<<<<

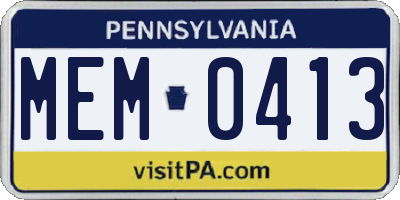 PA license plate MEM0413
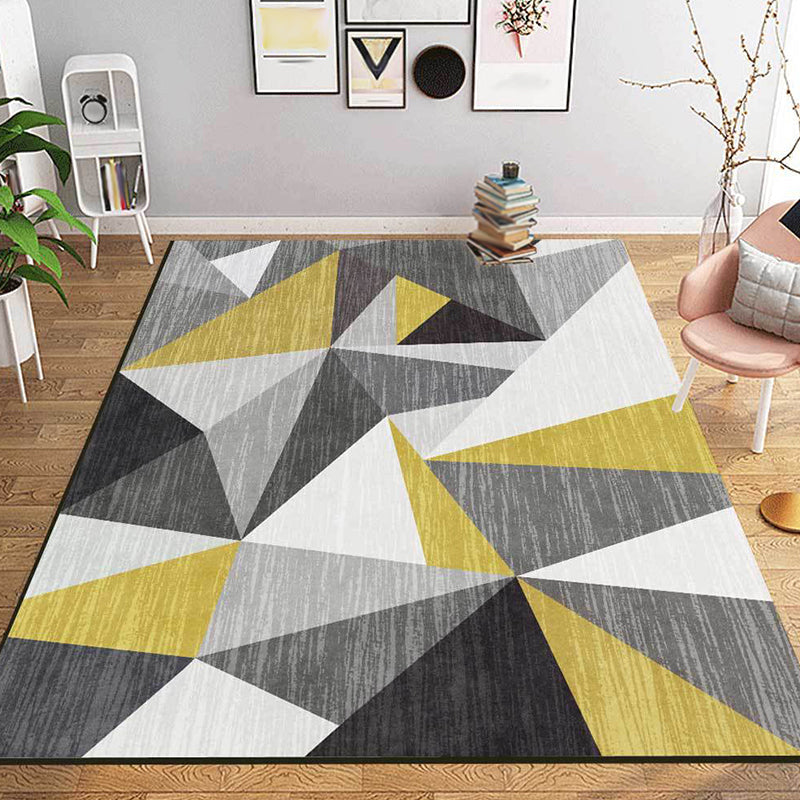 Rynx | Funky Geometric Pattern Rug Grey and Golden Nordic Rug Polyester Washable Anti-Slip Backing Area Rug for Living Room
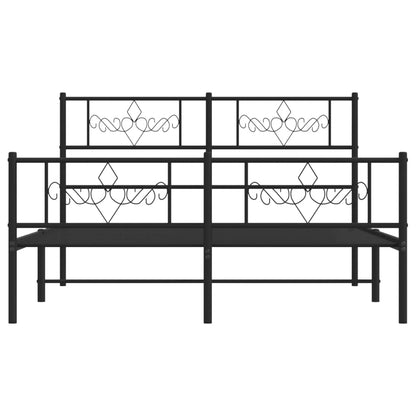 vidaXL Metal Bed Frame without Mattress with Footboard Black 120x190cm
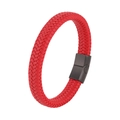 Braided red leather bracelet featuring a matte black magnetic clasp for men and women - 20.5cm / Red Leather With Black Clasp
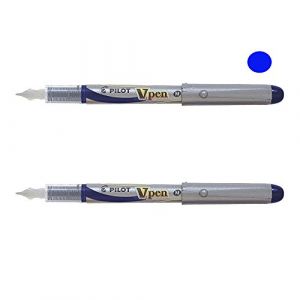 Pilot V-Pen Silver Lot de 2 stylos-plume jetables Encre liquide de couleur bleue (papeleriaoliverikpuntocom, neuf)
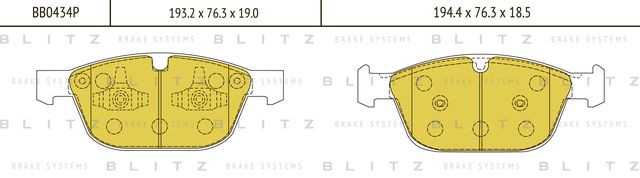 Колодки тормозные VOLVO XC60 08- перед. (Blitz). Артикул BB0434P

>>>>

_PROBLEM REQUIREMENTS_. Here the job is to copy the stretch of records from the line containing "Rynx | Funky" through the line containing "Pilot V-Pen Silver", word for word. Leave every picture out.

_SOLVED PROBLEM_.
 Rynx | Funky Geometric Pattern Rug Grey and Golden Nordic Rug Polyester Washable Anti-Slip Backing Area Rug for Living Room
 vidaXL Metal Bed Frame without Mattress with Footboard Black 120x190cm
 Braided red leather bracelet featuring a matte black magnetic clasp for men and women - 20.5cm / Red Leather With Black Clasp
 Pilot V-Pen Silver Lot de 2 stylos-plume jetables Encre liquide de couleur bleue (papeleriaoliverikpuntocom, neuf)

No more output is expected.